Food for thought when determining the level of your emergency fund: while you certainly do not want to end up in a position where your emergency fund runs dry, it should be remembered that the more cash you have sitting in a low return account, the less money that is working for you, utilizing the power of time and compound interest.

How much do you maintain in your emergency fund? How did you arrive at that number?

Blogger-in-Chief here at RetirementSavvy and author of Sin City Greed, Cream City Hustle and RENDEZVOUS WITH RETIREMENT: A Guide to Getting Fiscally Fit.

15 Comments

  1. We are at currently at 3 months for an emergency fund. With thoughts on aiming for 6. We moved the funds from an online savings account to our credit union account (the rate is slightly lower) but we have better access to it in the event we need to use it.

    Curious to know what others would define as emergency. While my wife and I have not discussed what we would use it for, I’ve only considered it in the event of income loss. We’ve had some unexpected car repairs recently however we did not dip into the emergency fund. We moved some things around and tightened up a bit on other things to make it work.
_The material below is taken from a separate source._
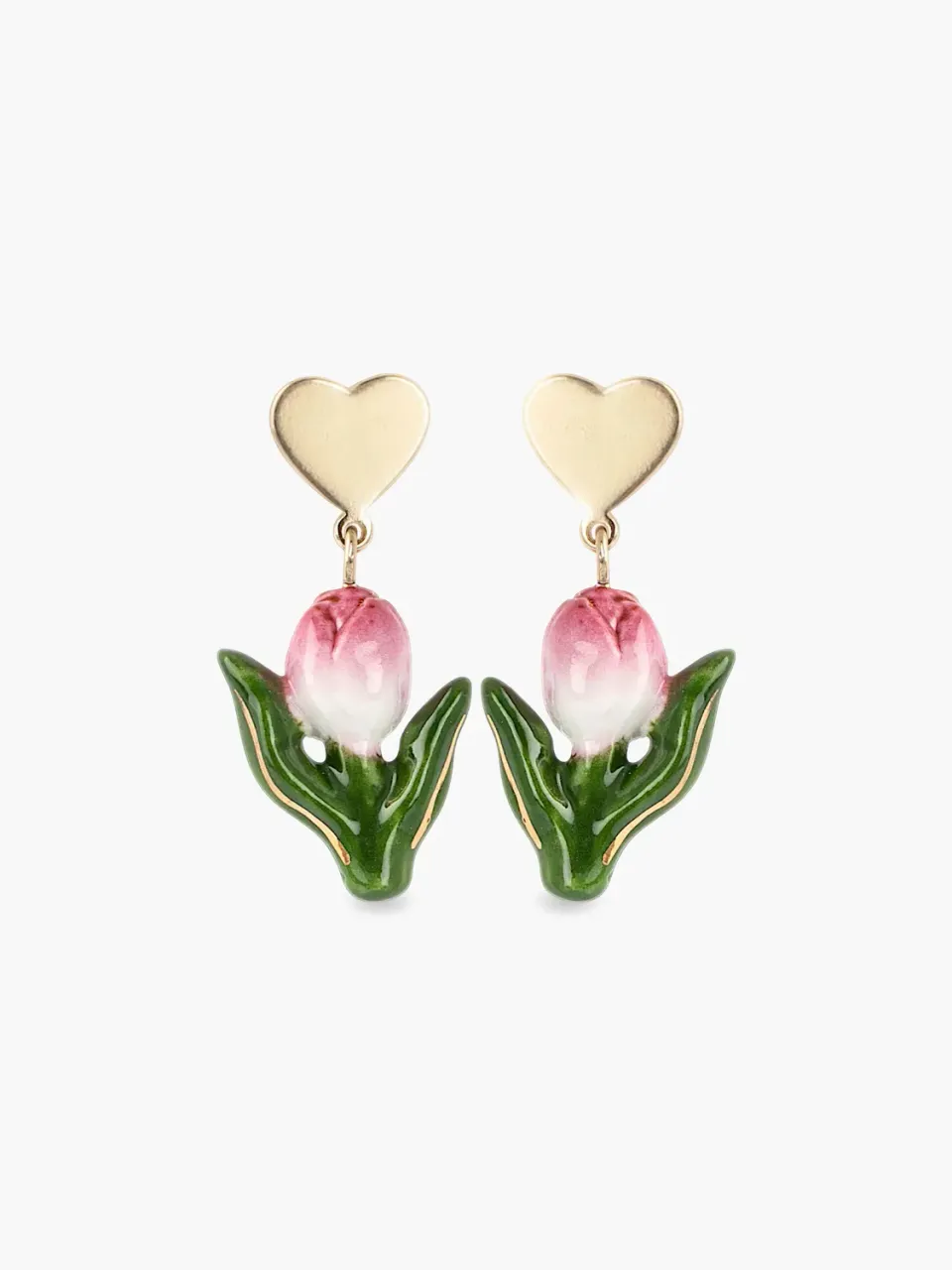 Nach Cœur et tulipe boucles pendantes porcelaine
    • For me, the most basic definition of an ’emergency’ would be anything that is not anticipated and is outside of the normal monthly expenses. Like you, I would probably move things around a little to meet an unexpected expense (e.g. car repairs) if possible, vice dipping into the emergency fund. Also like you, our emergency fund is primarily geared toward covering the loss of income. Fortunately, we are both pretty secure in our jobs, hence my belief that in our situation three months of living expenses suffices for an emergency fund. At the end of the day, the primary purpose of an emergency fund is to ensure that when an unexpected expense arises, you can continue to do the things you typically do in normal month and are not in danger of needing to touch money earmarked for savings/investments. Any money that was intended for an investment but is diverted is not using the power of compound interest.

  2. Yes I agree to have EF funds readily available. I like the message when you say it depends on the situation, someone with an older car, might need a higher EF fund balance to replace the car when the time comes. Good Post and keep on saving.

    • I’m a firm believer that there isn’t one ‘correct’ answer with respect to the amount needed in an emergency fund. What is most important is for people to understand the importance of an emergency fund, understand how it fits into their overall financial plan and assess – based on the factors I noted in the post – how much they require in their fund to achieve a level of security.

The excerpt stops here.